Se pasó el trapo por el pelo. Marybeth le abrió una cerveza y la puso delante de él. Y entonces vio que él estaba haciendo muecas, y se rió otra vez.

– Vamos, Jude. Si no me tuvieras a mí para avivarte las brasas de vez en cuando, no quedaría nada de fuego en tu vida -dijo. Estaba al otro lado de la encimera de la cocina, observándolo con una mirada irónica y tierna-. De todos modos, le has dado un billete de autobús para Búfalo y… ¿qué más? ¿Cuánto dinero?

– Doscientos dólares.

– Pues ya ves, claro que has hecho algo por ella. Has hecho mucho. ¿Qué se supone que podrías hacer?
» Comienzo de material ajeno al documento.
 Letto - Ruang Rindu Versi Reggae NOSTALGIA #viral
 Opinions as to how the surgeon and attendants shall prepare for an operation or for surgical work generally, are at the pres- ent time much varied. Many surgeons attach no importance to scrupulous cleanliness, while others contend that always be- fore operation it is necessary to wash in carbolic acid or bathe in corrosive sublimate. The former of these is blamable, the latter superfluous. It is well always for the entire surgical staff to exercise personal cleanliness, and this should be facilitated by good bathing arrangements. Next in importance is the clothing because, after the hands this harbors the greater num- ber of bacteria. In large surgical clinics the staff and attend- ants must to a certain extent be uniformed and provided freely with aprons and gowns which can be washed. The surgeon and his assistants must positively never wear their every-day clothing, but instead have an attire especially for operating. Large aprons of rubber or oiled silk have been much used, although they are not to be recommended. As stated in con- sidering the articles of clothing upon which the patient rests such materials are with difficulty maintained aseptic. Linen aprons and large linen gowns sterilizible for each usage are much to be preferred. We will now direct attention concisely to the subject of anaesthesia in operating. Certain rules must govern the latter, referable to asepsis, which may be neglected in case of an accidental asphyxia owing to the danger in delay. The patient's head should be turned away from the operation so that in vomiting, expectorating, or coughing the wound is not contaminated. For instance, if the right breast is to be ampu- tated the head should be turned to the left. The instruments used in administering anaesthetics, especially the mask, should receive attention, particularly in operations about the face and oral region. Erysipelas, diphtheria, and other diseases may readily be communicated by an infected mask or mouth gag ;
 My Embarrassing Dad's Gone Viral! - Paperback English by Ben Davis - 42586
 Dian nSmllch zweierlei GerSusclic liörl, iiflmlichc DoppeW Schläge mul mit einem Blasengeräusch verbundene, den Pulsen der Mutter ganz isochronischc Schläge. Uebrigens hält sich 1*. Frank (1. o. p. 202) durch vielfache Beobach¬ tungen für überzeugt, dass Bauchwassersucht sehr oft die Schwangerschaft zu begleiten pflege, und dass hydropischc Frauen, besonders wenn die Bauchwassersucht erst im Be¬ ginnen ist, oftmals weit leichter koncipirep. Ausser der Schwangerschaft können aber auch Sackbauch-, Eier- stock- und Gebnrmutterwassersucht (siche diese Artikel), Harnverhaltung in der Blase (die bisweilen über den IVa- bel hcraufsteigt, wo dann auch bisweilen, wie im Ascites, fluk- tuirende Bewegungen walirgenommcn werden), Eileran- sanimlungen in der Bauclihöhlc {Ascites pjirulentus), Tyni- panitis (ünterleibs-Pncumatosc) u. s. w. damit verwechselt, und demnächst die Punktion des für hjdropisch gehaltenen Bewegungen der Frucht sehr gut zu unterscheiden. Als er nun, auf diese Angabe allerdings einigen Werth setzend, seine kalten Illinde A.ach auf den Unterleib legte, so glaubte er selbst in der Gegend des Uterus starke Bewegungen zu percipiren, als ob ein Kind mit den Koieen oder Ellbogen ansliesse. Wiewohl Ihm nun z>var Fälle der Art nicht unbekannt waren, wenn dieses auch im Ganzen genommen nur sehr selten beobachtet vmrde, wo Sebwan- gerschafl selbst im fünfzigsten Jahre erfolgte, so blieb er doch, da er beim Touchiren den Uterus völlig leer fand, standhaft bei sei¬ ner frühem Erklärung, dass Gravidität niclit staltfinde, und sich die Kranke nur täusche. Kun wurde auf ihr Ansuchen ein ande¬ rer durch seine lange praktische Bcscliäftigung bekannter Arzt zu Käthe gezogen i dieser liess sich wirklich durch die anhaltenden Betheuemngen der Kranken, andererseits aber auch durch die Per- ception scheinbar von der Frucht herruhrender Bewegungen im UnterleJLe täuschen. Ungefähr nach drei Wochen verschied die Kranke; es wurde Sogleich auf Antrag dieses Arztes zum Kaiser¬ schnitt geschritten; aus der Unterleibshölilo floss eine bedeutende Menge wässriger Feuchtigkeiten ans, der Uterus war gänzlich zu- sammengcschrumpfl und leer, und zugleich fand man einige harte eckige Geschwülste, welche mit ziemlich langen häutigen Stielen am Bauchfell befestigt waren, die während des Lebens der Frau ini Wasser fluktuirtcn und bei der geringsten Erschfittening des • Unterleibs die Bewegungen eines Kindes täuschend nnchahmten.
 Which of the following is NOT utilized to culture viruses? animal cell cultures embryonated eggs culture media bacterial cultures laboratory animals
Jude estaba sentado en mitad de la cocina, sosteniendo la cerveza que Marybeth le había puesto delante, pero no hizo amago de beber. Se sentía cansado, todavía húmedo y con frío en todo el cuerpo. Un camión grande, o un autobús tal vez, rugió por la autopista, rumbo al frío túnel de la noche, y se perdió en él. Pudo escuchar a los cachorros en su caseta lanzando agudos ladridos, excitados por aquel ruido.

– Espero que lo consiga -dijo Jude.

– ¿Llegar a Búfalo? No veo por qué no iba a conseguirlo -replicó Marybeth.

– Sí -confirmó Jude, aunque no estaba seguro de que fuera eso lo que realmente había querido decir.